GOAL OF THE EXERCISE: Below is a listing; repeat exactly the lines from the one containing "Siyah spagetti. Deniz" to the one containing "Die vier frisch", both included.

INFORMATION:
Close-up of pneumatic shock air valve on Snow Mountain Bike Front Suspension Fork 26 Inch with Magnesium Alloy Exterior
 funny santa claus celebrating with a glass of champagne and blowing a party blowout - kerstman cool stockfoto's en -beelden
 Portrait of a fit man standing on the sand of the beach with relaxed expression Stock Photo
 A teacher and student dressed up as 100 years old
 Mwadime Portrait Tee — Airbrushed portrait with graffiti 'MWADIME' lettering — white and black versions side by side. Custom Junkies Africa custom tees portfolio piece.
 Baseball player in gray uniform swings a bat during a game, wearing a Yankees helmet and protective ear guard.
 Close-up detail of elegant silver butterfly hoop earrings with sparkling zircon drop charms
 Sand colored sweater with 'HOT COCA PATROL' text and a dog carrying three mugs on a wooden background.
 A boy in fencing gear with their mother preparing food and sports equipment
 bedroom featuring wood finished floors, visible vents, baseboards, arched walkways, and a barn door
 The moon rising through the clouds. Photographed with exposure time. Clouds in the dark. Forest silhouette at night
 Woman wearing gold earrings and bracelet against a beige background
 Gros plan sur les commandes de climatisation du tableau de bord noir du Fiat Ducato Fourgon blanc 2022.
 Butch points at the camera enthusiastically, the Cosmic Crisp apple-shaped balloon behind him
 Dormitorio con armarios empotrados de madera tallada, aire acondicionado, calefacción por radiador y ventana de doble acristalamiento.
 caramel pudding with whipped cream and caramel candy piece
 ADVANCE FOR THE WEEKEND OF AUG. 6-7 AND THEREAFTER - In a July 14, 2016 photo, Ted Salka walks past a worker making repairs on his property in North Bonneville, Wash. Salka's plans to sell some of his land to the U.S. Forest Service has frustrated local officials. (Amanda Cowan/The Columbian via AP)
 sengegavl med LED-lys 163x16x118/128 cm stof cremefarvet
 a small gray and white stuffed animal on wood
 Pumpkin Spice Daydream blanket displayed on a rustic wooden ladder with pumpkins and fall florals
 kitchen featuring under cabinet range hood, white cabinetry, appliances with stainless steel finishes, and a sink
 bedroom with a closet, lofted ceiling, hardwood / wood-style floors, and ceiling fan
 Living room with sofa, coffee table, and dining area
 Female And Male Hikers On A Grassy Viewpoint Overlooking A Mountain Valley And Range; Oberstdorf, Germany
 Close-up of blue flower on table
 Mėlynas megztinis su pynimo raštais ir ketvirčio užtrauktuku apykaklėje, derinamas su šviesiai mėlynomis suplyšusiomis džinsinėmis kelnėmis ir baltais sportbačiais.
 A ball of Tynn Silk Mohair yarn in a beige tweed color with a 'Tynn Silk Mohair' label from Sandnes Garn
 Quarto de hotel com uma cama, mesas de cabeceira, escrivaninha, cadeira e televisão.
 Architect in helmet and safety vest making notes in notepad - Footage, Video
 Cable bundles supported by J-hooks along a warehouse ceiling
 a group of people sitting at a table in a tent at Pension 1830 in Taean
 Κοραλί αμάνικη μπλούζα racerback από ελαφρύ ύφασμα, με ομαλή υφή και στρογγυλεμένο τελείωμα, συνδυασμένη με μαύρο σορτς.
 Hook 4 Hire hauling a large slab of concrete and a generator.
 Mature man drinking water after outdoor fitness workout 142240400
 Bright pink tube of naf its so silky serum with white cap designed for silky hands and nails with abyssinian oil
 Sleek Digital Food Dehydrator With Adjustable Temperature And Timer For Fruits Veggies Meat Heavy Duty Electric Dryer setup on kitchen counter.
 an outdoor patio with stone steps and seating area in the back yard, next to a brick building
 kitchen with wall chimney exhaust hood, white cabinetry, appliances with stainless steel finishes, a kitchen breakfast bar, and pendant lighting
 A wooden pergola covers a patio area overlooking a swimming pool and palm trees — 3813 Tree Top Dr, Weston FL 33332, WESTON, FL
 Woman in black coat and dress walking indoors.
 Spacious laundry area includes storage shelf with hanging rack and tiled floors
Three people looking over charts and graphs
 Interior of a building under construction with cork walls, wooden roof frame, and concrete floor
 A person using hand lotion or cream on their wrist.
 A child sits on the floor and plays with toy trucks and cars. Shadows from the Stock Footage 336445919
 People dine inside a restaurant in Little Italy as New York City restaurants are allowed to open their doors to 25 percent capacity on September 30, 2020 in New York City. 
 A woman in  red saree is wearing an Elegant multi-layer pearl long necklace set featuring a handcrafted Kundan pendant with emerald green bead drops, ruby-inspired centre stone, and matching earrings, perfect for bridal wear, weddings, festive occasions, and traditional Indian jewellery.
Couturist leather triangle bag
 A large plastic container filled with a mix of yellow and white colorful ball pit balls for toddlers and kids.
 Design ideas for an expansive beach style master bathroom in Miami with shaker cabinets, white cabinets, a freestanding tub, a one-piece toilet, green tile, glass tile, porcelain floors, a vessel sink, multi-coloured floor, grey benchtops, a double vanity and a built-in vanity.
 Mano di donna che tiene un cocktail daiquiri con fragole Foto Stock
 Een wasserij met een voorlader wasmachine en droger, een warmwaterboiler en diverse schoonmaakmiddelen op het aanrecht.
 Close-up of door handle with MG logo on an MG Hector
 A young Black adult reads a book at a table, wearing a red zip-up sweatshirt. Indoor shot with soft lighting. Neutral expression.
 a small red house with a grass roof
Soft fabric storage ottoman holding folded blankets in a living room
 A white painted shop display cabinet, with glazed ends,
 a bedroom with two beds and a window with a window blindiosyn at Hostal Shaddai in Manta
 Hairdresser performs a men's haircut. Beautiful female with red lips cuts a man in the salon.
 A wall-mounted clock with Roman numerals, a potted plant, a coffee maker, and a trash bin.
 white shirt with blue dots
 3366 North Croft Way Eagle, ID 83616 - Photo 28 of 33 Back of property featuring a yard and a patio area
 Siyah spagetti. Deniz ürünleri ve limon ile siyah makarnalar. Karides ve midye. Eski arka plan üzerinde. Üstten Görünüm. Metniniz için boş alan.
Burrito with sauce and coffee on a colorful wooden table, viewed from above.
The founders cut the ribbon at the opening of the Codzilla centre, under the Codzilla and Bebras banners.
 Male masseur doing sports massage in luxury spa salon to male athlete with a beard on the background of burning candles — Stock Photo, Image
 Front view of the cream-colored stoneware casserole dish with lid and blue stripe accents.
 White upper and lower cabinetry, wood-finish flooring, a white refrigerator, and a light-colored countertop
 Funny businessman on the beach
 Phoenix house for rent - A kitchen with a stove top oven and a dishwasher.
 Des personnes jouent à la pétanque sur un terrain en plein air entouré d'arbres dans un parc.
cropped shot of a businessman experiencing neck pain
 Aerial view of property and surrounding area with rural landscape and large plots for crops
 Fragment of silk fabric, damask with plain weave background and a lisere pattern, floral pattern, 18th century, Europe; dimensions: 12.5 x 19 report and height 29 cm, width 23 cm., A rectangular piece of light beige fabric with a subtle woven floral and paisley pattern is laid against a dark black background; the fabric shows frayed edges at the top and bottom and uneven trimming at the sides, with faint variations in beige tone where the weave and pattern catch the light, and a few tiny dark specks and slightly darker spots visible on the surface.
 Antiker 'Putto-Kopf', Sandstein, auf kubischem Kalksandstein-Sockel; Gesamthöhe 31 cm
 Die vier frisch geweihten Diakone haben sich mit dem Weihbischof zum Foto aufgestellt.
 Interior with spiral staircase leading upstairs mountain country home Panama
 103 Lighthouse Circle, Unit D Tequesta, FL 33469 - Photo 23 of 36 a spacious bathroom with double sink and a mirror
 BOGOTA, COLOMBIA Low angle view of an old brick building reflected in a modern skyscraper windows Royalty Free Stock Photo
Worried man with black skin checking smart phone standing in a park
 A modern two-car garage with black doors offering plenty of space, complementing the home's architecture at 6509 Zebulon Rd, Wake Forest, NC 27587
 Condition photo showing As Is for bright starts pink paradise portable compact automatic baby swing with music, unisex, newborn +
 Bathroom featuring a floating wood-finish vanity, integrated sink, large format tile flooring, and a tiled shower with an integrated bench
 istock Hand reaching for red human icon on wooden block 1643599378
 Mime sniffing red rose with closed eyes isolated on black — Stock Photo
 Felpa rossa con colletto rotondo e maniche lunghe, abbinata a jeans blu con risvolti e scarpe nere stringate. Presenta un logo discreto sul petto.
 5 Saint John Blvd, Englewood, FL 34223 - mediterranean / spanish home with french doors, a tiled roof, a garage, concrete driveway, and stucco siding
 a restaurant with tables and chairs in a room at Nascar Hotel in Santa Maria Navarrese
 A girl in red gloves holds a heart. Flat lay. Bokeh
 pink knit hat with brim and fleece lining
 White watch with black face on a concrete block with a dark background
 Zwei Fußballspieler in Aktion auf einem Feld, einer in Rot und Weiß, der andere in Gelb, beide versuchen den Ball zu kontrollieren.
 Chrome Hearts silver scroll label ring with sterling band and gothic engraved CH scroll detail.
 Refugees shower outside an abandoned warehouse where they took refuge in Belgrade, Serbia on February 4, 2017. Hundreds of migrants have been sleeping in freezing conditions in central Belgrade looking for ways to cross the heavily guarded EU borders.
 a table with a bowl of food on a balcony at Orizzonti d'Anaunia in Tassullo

SOLUTION:
 Siyah spagetti. Deniz ürünleri ve limon ile siyah makarnalar. Karides ve midye. Eski arka plan üzerinde. Üstten Görünüm. Metniniz için boş alan.
Burrito with sauce and coffee on a colorful wooden table, viewed from above.
The founders cut the ribbon at the opening of the Codzilla centre, under the Codzilla and Bebras banners.
 Male masseur doing sports massage in luxury spa salon to male athlete with a beard on the background of burning candles — Stock Photo, Image
 Front view of the cream-colored stoneware casserole dish with lid and blue stripe accents.
 White upper and lower cabinetry, wood-finish flooring, a white refrigerator, and a light-colored countertop
 Funny businessman on the beach
 Phoenix house for rent - A kitchen with a stove top oven and a dishwasher.
 Des personnes jouent à la pétanque sur un terrain en plein air entouré d'arbres dans un parc.
cropped shot of a businessman experiencing neck pain
 Aerial view of property and surrounding area with rural landscape and large plots for crops
 Fragment of silk fabric, damask with plain weave background and a lisere pattern, floral pattern, 18th century, Europe; dimensions: 12.5 x 19 report and height 29 cm, width 23 cm., A rectangular piece of light beige fabric with a subtle woven floral and paisley pattern is laid against a dark black background; the fabric shows frayed edges at the top and bottom and uneven trimming at the sides, with faint variations in beige tone where the weave and pattern catch the light, and a few tiny dark specks and slightly darker spots visible on the surface.
 Antiker 'Putto-Kopf', Sandstein, auf kubischem Kalksandstein-Sockel; Gesamthöhe 31 cm
 Die vier frisch geweihten Diakone haben sich mit dem Weihbischof zum Foto aufgestellt.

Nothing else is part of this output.